Tableau Playbook - Histogram
Sep 4, 2019 • 14 Minute Read
Introduction
Tableau is the most popular interactive data visualization tool, nowadays. It provides a wide variety of charts to explore your data easily and effectively. This series of guides - Tableau Playbook - will introduce all kinds of common charts in Tableau. And this guide will focus on the Histogram.
In this guide, we will learn the histogram in the following steps:
-
We will start with an example chart, then introduce the concept and characteristics of it.
-
By analyzing a real-life dataset: survival of Titanic passengers, we will learn to build a histogram step by step. Meanwhile, we will draw some conclusions from our Tableau visualization:
- Build the chart based on the basic process.

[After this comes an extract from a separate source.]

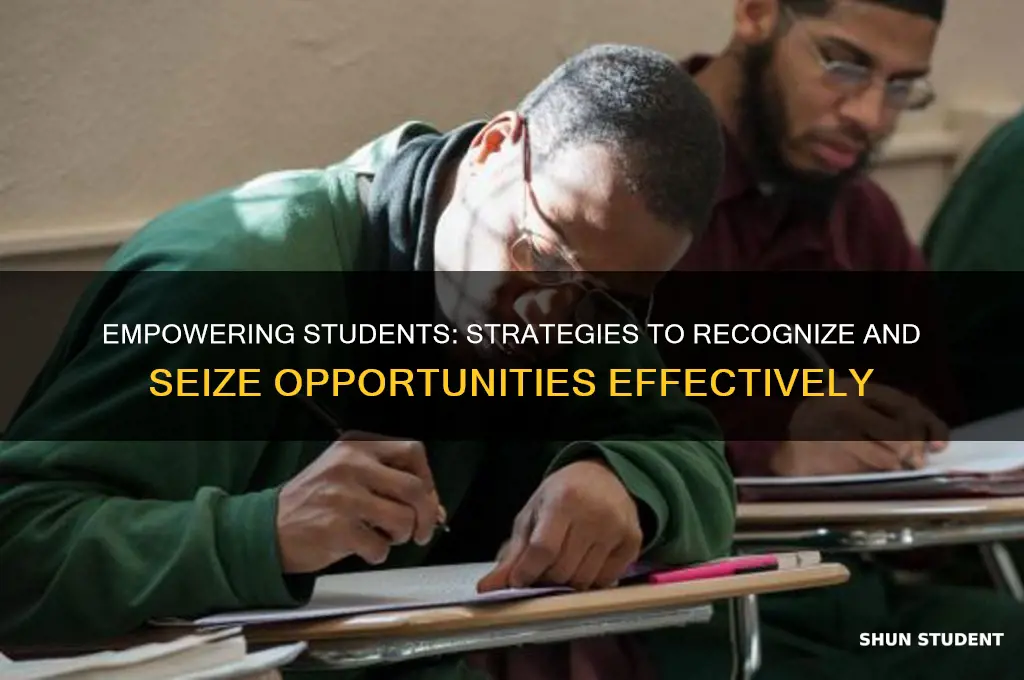 how to teach students to seize opportunites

- Optimize and polish the chart with advanced features.
-
Introduce the related charts, and make a comparison of bar chart variations.
Getting Started
Here is a histogram example from this White Paper. The following example analyzes the NOx measurements result of a Euro 6 diesel passenger car.
This histogram shows the relative frequency distribution of the NOx conformity factor. In addition, it divides conformity factors into four levels with different colors, and draws one conclusion based on each level.

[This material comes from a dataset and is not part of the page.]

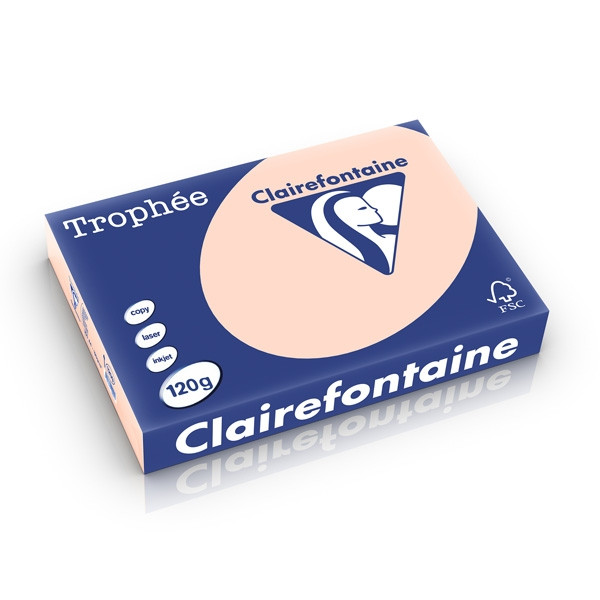 Clairefontaine gekleurd papier zalm 120 g/m² A4 (250 vellen) 1209C 250201 - 1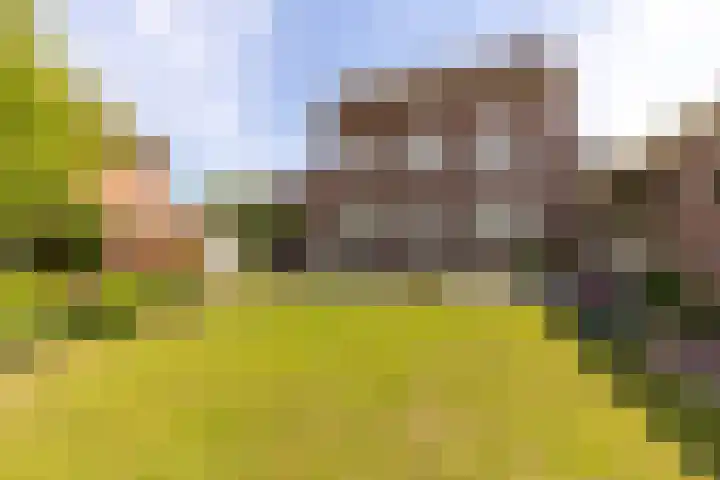 Baandert 2 Sittard thumbnail 39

The histogram is a very popular chart, it even exceeds its derivation - the bar chart. It shows the frequency distribution of data. Especially when you’re exploring a new data source, you can start with the histogram. Create a histogram with each measure and analyze the value range and distribution. It is a helpful tool for finding missing data or outliers for data wrangling and can also be used to analyze the skewness of a distribution.
Histogram vs. Bar Charts
I made a table to compare the differences between histograms and bar charts in various aspects:
Aspect | Histogram | Bar Charts |
---|---|---|
Usages | compare with "bins" | compare with categories |
Data Type | continuous quantitative data | discrete qualitative data |
Data Role in Tableau | Measure | Dimension |
Appearance | no space between adjacent bars | gaps between adjacent bars |
Relative & Absolute Comparison | both support | both support |
Scalability | able to customize the interval size | unsupported |
Data Size | especially useful for large value ranges | difficult to represent a large scale of categories |
Dataset
In this guide, we continue to use the Titanic dataset. Thanks to Kaggle and encyclopedia-titanica for this dataset.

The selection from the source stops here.